The purpose of this ticket is to implement a failure indication in the returns of the blockwise function regarding the statistics. However, data storage does not seem to be intuitive, which is why we will include a code exploration phase in this ticket.

Study

Implementation

  1. Code Modification:

    We will modify the section of the code where the statistics are collected. For points that fail (i.e., those not present in chunk_meta), we will store NaN values for the relevant statistics.

    Here is the modified code:

            for i in range(self.subdivision):
            if i not in chunk_meta:
                statistics.append(
                    {
                        "center_x": np.nan,
                        "center_y": np.nan,
                        "center_z": np.nan,
                        "x_off": np.nan,
                        "y_off": np.nan,
                        "z_off": np.nan,
                        "inlier_count": np.nan,
                        "nmad": np.nan,
                        "median": np.nan,
                    }
                )
            else:
                statistics.append(
                    {
                        "center_x": points[cpt_in_chunk, 0, 0],
                        "center_y": points[cpt_in_chunk, 1, 0],
                        "center_z": points[cpt_in_chunk, 2, 0],
                        "x_off": points[cpt_in_chunk, 0, 1] - points[cpt_in_chunk, 0, 0],
                        "y_off": points[cpt_in_chunk, 1, 1] - points[cpt_in_chunk, 1, 0],
                        "z_off": points[cpt_in_chunk, 2, 1] - points[cpt_in_chunk, 2, 0],
                        "inlier_count": chunk_meta[i]["inlier_count"],
                        "nmad": chunk_meta[i]["nmad"],
                        "median": chunk_meta[i]["median"],
                    }
                )
                cpt_in_chunk +=1

Tests

  1. Unit Tests:

    • Write tests to verify that, for a point that fails (i.e., not present in chunk_meta), the values inlier_count, nmad, and median return NaN.
    • Test the case where all points succeed to ensure that values are correctly retrieved from chunk_meta.
  2. Integration Tests:

    • Test the functionality of the blockwise function as a whole to ensure that there are no regressions in other parts of the code.
    • Verify that the overall statistics are calculated correctly and that it is possible to handle NaN values without causing errors.

Documentation

/ estimation 5d

rhugonnet commented 5 days ago

OK! For the "Tests" section: we could also verify that apply() running on a chunk with NaNs saved in fit() indeed does not apply any transformation.
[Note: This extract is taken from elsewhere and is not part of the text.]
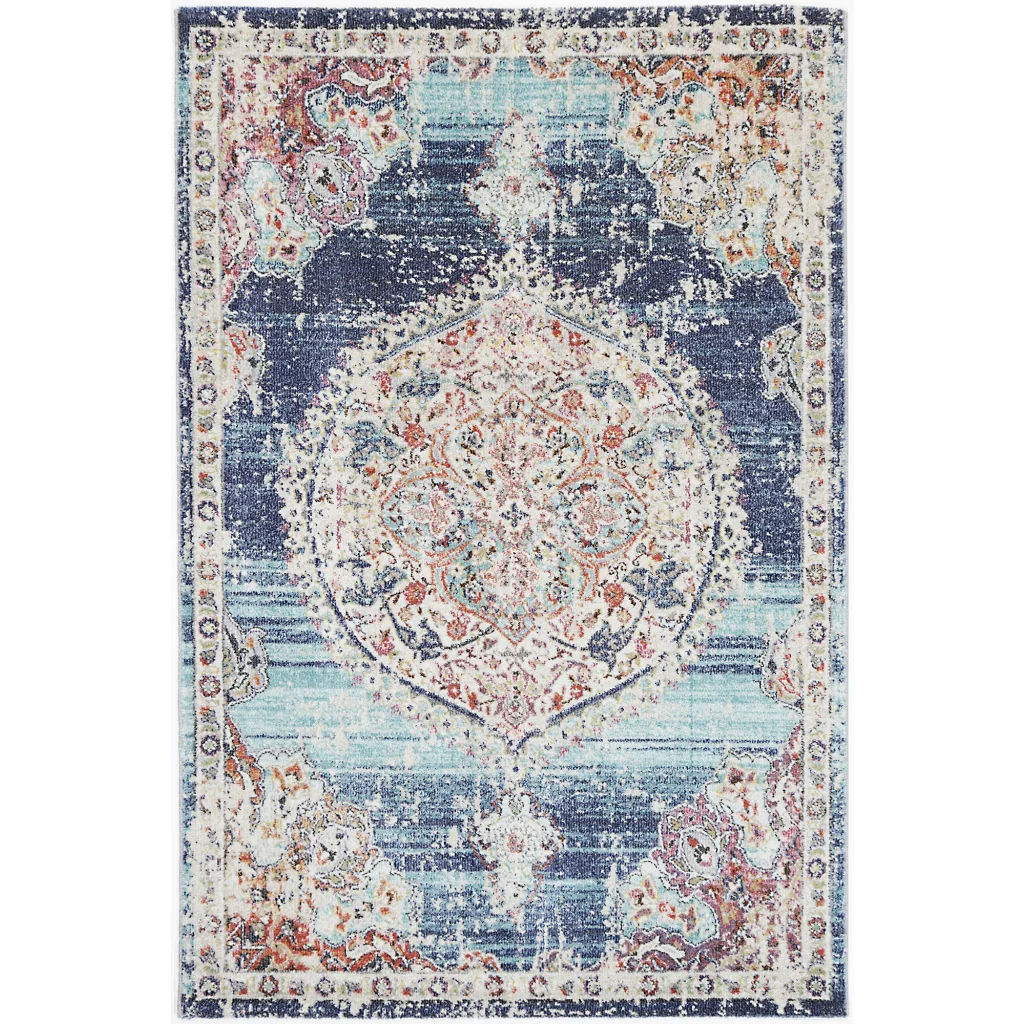 Hollow Medalion Transitional Navy Multi Rug 160x230 - Home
Another point: I am not sure that the current implementation of BlockwiseCoreg runs for a coregistration method other than a translation (as its implementation precedes those). A rotation like ICP or any BiasCorr method might make it fail. It would be nice to quickly double-check that (which is a simple as adding other methods to this list in the tests here: https://github.com/GlacioHack/xdem/blob/595acb9bf2ba150232cf161fc09f8747c84b5602/tests/test_coreg/test_base.py#L865

If it does not work, we could verify if the new structure or a slight change in structure would allow all types of methods to run (it's a slightly different topic, it may be independent if we only modify the statistics here, but could be slightly entangled too)... :thinking:

And, in any case, if these methods are not supported, we should temporarily add a NotImplementedError during BlockwiseCoreg.__init__ for those methods. I might do that quick test + error raising in a separate PR if I find the time later this week.